ZacEsa ZacEsa - 6 months ago 18
Linux Question

Bash script to filter out non-adjacent duplicates in logs

I'm trying to create a script to filter out duplicates in my logs and keep the latest of each message. A sample would be below;

May 29 22:25:19 servername.com Fdm: this is error message 1 error code=0x98765
May 29 22:25:19 servername.com Fdm: this is just a message
May 29 22:25:19 servername.com Fdm: error code=12345 message 2
May 29 22:25:20 servername.com Vpxa: this is error message 1 error code=0x67890
May 29 22:25:20 servername.com Vpxa: just another message
May 29 22:25:30 servername.com Fdm: error code=34567 message 2
May 29 22:25:30 servername.com Fdm: another error message 3 76543


The logs are split between two files, I've already gotten down to creating the script to merge the two files and sort the files by date using sort -s -r -k1.

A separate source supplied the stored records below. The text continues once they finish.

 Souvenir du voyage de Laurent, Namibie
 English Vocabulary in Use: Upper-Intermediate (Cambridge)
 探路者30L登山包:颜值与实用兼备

I've also managed to create the script so that it asks for the date I want then it uses grep to filter out by date.

Right now, I only need to find a way to remove the non-adjacent duplicate lines which also have different timestamps. I tried awk but, my knowledge with awk isn't that great. Any awk-gurus out there able to assist me?

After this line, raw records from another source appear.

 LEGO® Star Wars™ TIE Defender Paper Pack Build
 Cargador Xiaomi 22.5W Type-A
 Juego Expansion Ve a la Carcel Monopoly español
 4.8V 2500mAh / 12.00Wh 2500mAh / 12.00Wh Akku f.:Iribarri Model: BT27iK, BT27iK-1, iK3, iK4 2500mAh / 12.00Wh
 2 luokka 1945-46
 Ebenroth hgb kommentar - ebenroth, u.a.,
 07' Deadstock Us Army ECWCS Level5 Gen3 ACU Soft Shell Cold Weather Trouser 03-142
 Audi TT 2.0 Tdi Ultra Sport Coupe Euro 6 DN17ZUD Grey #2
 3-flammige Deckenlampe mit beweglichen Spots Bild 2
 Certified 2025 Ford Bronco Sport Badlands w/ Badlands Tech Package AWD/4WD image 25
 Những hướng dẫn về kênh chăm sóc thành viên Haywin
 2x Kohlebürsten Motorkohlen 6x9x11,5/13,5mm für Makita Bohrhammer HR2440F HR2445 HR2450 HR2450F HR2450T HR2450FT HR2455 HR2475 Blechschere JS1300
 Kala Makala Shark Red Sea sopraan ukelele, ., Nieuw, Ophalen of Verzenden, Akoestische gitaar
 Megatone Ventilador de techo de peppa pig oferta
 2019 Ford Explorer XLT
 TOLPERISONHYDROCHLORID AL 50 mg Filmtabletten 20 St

P.S., One of the issue I'm encountering is that there are same lines with different error codes, I want to remove those lines but, I can only go so by grep -v "Constant part of line". If there's a way for me to remove duplicates by percentage of similarity, that'll be great. Also, I can't get the script to ignore certain fields or columns because there are lines with error codes at different fields/columns.

Expected output as below;

May 29 22:25:30 servername.com Fdm: another error message 3 76543
May 29 22:25:30 servername.com Fdm: error code=34567 message 2
May 29 22:25:20 servername.com Vpxa: this is error message 1 error code=0x67890


I only want the errors but, that's easily done with grep -i error. The only issue is the duplicate lines with different error codes.

Answer

I managed to find a way to do it. Just to give you guys more details about the issue I had and what this script does.

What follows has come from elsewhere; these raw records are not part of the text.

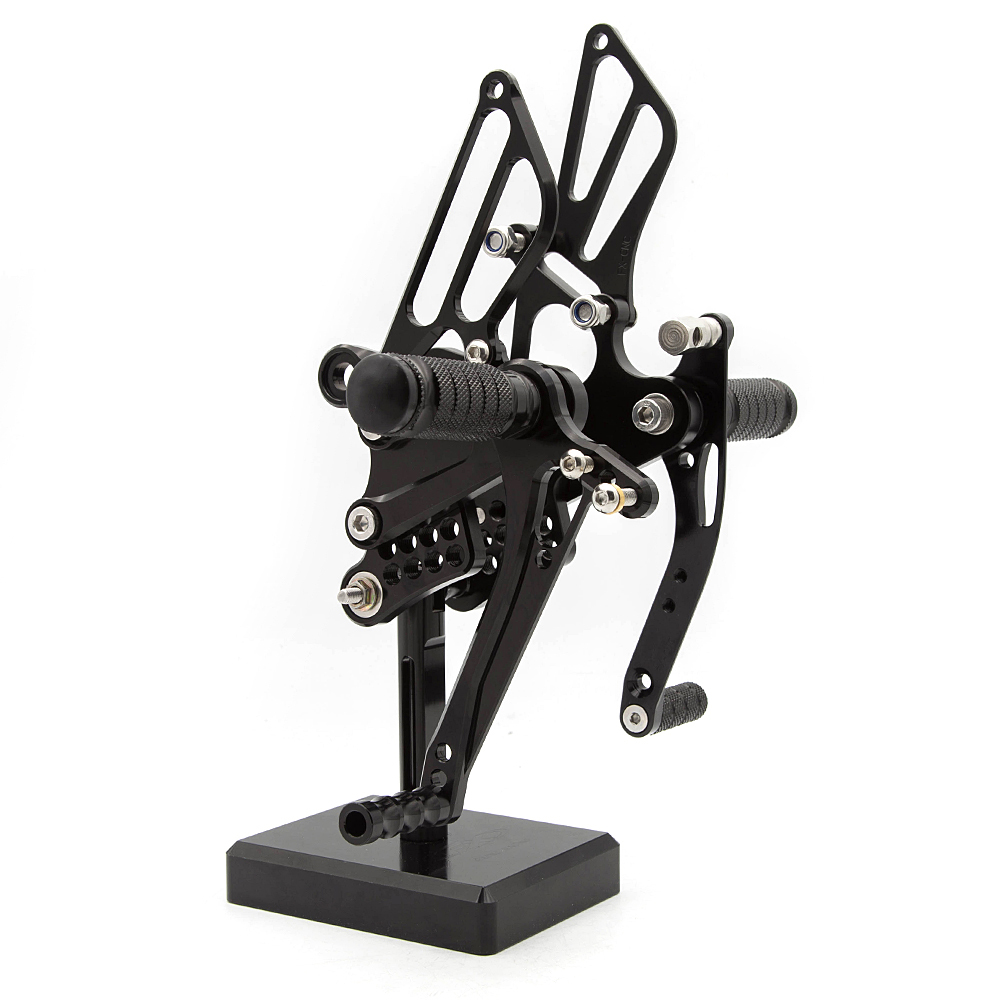 Adjustable Rearset Footpegs  For Ninja ZX6R ZX636 ZX-6R 636 2009-2020
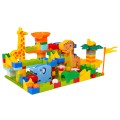 Kuličková dráha Jungle bricks 200el.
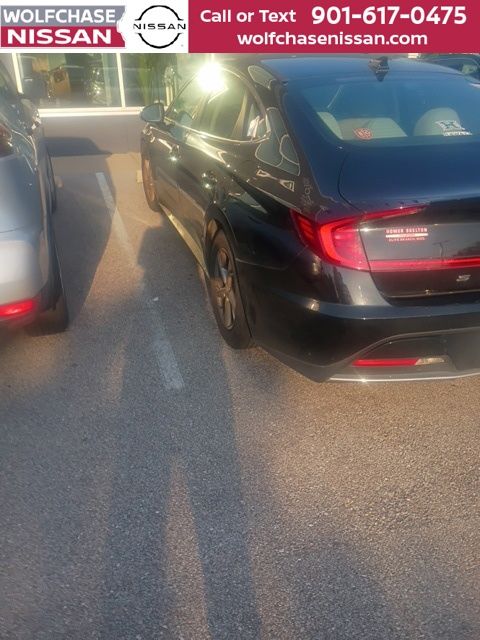 2022 Phantom Black Hyundai Sonata SE FWD Sedan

Issue: I had logs which I have to clear but, the logs have multiple lines with repeating error. Unfortunately, the repeating errors have different error codes so, I'm not able to just grep -v them. Plus, the logs have tens of thousands of lines so, to keep "grep -v"-ing them would consume lots of time so, I've decided to semi-automate it using scripts. Below is the script. If you have ideas on how to improve the script, please do comment!

#!/usr/local/bin/bash

rm /tmp/tmp.log /tmp/tmpfiltered.log 2> /dev/null

printf "Please key in full location of logs: "

read log1loc log2loc

cat $log1loc $log2loc >> /tmp/tmp.log

sort -s -r -k1 /tmp/tmp.log -o /tmp/tmp.log

printf "Please key in the date: "

read logdate

while [[ $firstlineedit != "n" ]]

        do

        grep -e "$logdate" /tmp/tmp.log | grep -i error | less

        firstline=$(head -n 1 /tmp/tmp.log)

        head -n 1 /tmp/tmp.log >> /tmp/tmpfiltered.log

        read -p "Enter line to remove(enter n to quit): " -e -i "$firstline" firstlineedit

        firstlinecount=$(grep -e "$logdate" /tmp/tmp.log | grep -i error | grep -o "$firstlineedit" | wc -l)

        grep -e "$logdate" /tmp/tmp.log | grep -i error | grep -v "$firstlineedit" > /tmp/tmp2.log

        mv /tmp/tmp2.log /tmp/tmp.log

        if [ "$firstlineedit" != "n" ];

                then

                echo That line and it"'"s variations have appeared $firstlinecount times in the log!

        fi
done

cat /tmp/tmpfiltered.log | less